Above Santa Barbara County, the Surface Biology and Geology High-Frequency Time Series, or SHIFT, campaign collects data to understand land and aquatic ecosystems.
With a plane crisscrossing the sky and researchers working on land and sea, the Surface Biology and Geology High-Frequency Time Series campaign (SHIFT) combines the ability of airborne science instruments to gather data over widespread areas with the more concentrated observations scientists conduct in the field to study natural environments.
SHIFT is jointly led by NASA’s Jet Propulsion Laboratory, The Nature Conservancy, and the University of California, Santa Barbara (UCSB), and one of its primary goals is to generate the most precise, high-time-frequency data on plant and aquatic communities ever collected over such a vast region. The 640-square-mile (1,656-square-kilometer) study area, which stretches from Los Padres National Forest in the east to the Central California coast and into the coastal ocean in the west, includes some of the most dynamic ecosystems in the world.

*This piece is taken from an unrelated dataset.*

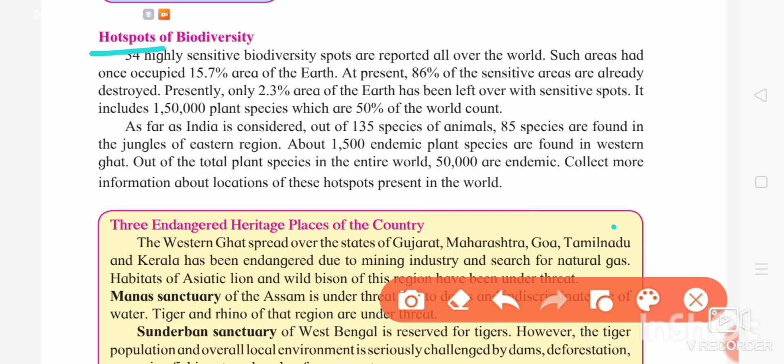These are sensitive zones where diversity is more and they are also threatened. There are 36 sensitive biodiversity hotspots reported all over the world, and they occupy an area of 15.7% of the earth.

The data, collected on a weekly basis from late February until the end of May, measures changes in the characteristics of vegetation across the landscape and tracks critical plant species as they emerge from winter dormancy. It will also provide clues about the health and resilience of ecosystems as California’s climate grows drier. For The Nature Conservancy and UCSB, both of which maintain nature preserves in the study area, the information collected will inform strategies to protect natural environments in the face of human-created pressures.